ConvertToCapped 29TB - "can't map file memory" when replication is off

93 views
Skip to first unread message

Thorn Roby

unread,
Feb 8, 2012, 2:05:32 PM2/8/12
to mongodb-user
I'm trying to convert an existing 4TB collection to capped 29TB. I
started on the replica set secondary, bringing it up without the
replSet argument because I'm not sure if the table lock might cause
replication problems if it's actively replicating (I did enlarge the
oplog to a size that should be able to handle the roughly 20 hours I
anticipate will be needed for the conversion). However, when I bring
up the (normally) SECONDARY without the replSet argument, and attempt
the convertToCapped, I get

db.runCommand({"convertToCapped": "log", size: 29000000000000});
{
"assertion" : "can't map file memory",
"assertionCode" : 10085,
"errmsg" : "db assertion failure",
"ok" : 0
}

and in the logfile I see

couldn't open /data/db/lfs/lfs.1013 errno:24 Too many open files

I see the same error even if just looking at collection stats
(db.log.stats() ) . Another strange thing is that the VM size in top
is only 181M instead of the expected 8TB. This is 2.0.2 running on
Linux 64bit. I'm not sure why the absence of replication would cause
this. I verified that all datafiles and oplog files are owned by
mongod. I am starting the process with "numactl --interleave=all". The
system has 48G RAM.

I tried the conversion on the SECONDARY with replication running, but
I get "not master". I was hoping to run it on the SECONDARY so I could
get the replica set re-synced before running it on the PRIMARY.

Scott Hernandez

unread,
Feb 8, 2012, 2:38:01 PM2/8/12
to mongod...@googlegroups.com
See this for help increasing file handles:
http://www.mongodb.org/display/DOCS/Too+Many+Open+Files

> --
> You received this message because you are subscribed to the Google Groups "mongodb-user" group.
> To post to this group, send email to mongod...@googlegroups.com.
> To unsubscribe from this group, send email to mongodb-user...@googlegroups.com.
> For more options, visit this group at http://groups.google.com/group/mongodb-user?hl=en.
>

Dwight Merriman

unread,
Feb 8, 2012, 3:05:54 PM2/8/12
to mongodb-user
right > 14.5K handles will be needed (29000/2)

Thorn Roby

unread,
Feb 8, 2012, 7:17:46 PM2/8/12
to mongodb-user
I did increase the ulimit for mongod but it didn't resolve any of the
issues.

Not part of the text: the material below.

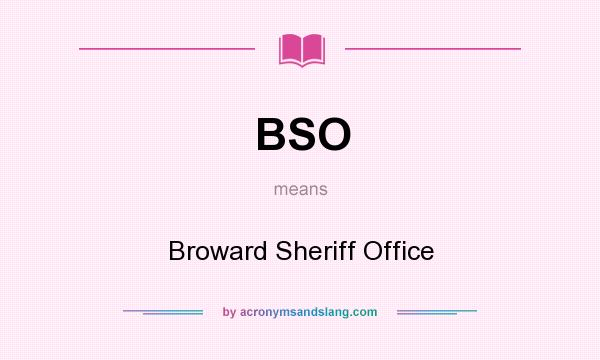 What does BSO mean? It stands for Broward Sheriff Office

I'm not sure it was necessary because I noticed mongod's file
limit was set by default to 1024, yet the process already had over
4000 files open. This is on CentOS 5.4 - maybe ulimit was being
ignored. Anyway, I went ahead and shut down the clients and started
the convertToCapped on the PRIMARY. Am I right in understanding that
the operation will create new datafiles sufficient to provide an
aggregate size equal to the 29T I specified, or will it create 29T in
addition to the existing 4TB of datafiles I already have?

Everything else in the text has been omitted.